Sogar besser: Da wird man als Zuschauer nämlich nicht zugeballert, sondern man hebt mit den Akteuren ab – wie bei Radu Alexandru Nicas Inszenierung von Fritz Katers "zeit zu lieben, zeit zu sterben", mit der das Teatrul National Radu Stanca aus Sibiu beim Heidelberger Stückemarkt gastierte.

In den ersten vier Minuten wird gleich die Historie weggesprengt: Vorhang auf, Musik an, Video ab. Zu stampfendem Rammstein-Rock zucken Filmbilder von Arbeitern, Paraden, Panzern und Politikern, hier winkt Ceaucescu, dort mahnt Gorbi, und immer wieder fliegt alles wuchtig in die Luft. Der Schnitt zu lustigen Zeichentrickmännlein lenkt den Blick aufs Private, und dann wird der kindliche Spaß des Cartoons mit groovegenauen Schnitten überlagert von Warenmarken. So werden Heranwachsen und Ostalgie in einem Aufwasch erledigt, und wenn der Vorhang danach wieder zufährt, glaubt man, noch knackiger könnte es nicht werden. Irrtum. 

Pas de deux der verpassten Chancen 

Schon die darauf folgende Chorsequenz in einer Art Schuluniform ist ein Musterbeispiel gewitzter Choreografie: Die Biografiefetzen, mit denen Katers Figuren hier am Beispiel von Ostpubertäten Zwänge und Lust der Jugendzeit heraufbeschwören, werden gemeinsam hervorgesprudelt, jeder Name bekommt eine chorische gestische Untermalung und doch sind die Textelemente so geschickt verteilt, dass jede Figur ein individuelles Gesicht bekommt. So schließt man die ganze Bagage zwischen Klassenfahrt, Entjungferung, Komasaufen und Selbstmord richtig ins Herz. Zumal sie den Text deutlich gekürzt hat, was das hektische Mitlesen der Übertitel im Rahmen hält.

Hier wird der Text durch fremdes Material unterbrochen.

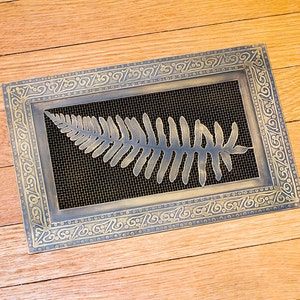 May include: A gold-colored metal vent cover with an ornate design featuring a fern leaf. The vent cover has a black mesh screen behind the fern.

In Teil B wird klar, warum in anderen Sprachen die Worte "Künstler" und "Artist" nicht so getrennt sind. Konzentriert auf die Geschichte um die Brüder Peter und Ralf, ihre von Onkel Breuer nach der Republikflucht des Vaters getröstete Mutter und die in Peter verliebte Adriana kombiniert das Ensemble filmisches Overacting mit clownesk-sportivem Körpereinsatz und starkem symbolhaftem Spiel, ohne die Figuren aus den Augen zu verlieren. Wenn es etwa nach der Tanzstunde heißt "Peter schlendert wie schlendern nur geht" (die Regieanweisungen werden durchweg mitgesprochen), dann wird dies in einer veritablen Elvis-Imitation sowohl übertrieben als auch auf den Punkt gebracht. Wenn Adriana Peters Zurückhaltung nicht mehr erträgt, deshalb zu seinem Bruder Ralf geht und vor der Tür Peter begegnet, dann gelingt den Darstellern in einer langen wortlosen Sequenz ein herzzerreißender Pas de deux der verpassten Chancen.

Bobfather knarzt, die Jungen toben 

Passgenau verbindet der 1979 geborene Nica in seiner Inszenierung hier den expressiven Spielstil des osteuropäischen Theaters mit einem westlich geprägten Stücktext und einem entsprechenden Inszenierungsansatz. Nur so kann man sich wohl eine hinreißende Szene trauen wie den Ausklang von Teil B: Peter will mit Dirk nach Amerika ("sie wissen aber nicht genau wie"), die beiden gabeln Adriana auf und gehen unterwegs noch mal baden. Da knarzt Bob Dylan altersweise durch die Boxen und die drei Darsteller toben wild über die Bühne, bis man den See zu sehen glaubt – oder sind es die eigenen Tränen, die dieses ganz nah am todtraurigen Klamauk gebaute Theater irgendwann hervortreibt? 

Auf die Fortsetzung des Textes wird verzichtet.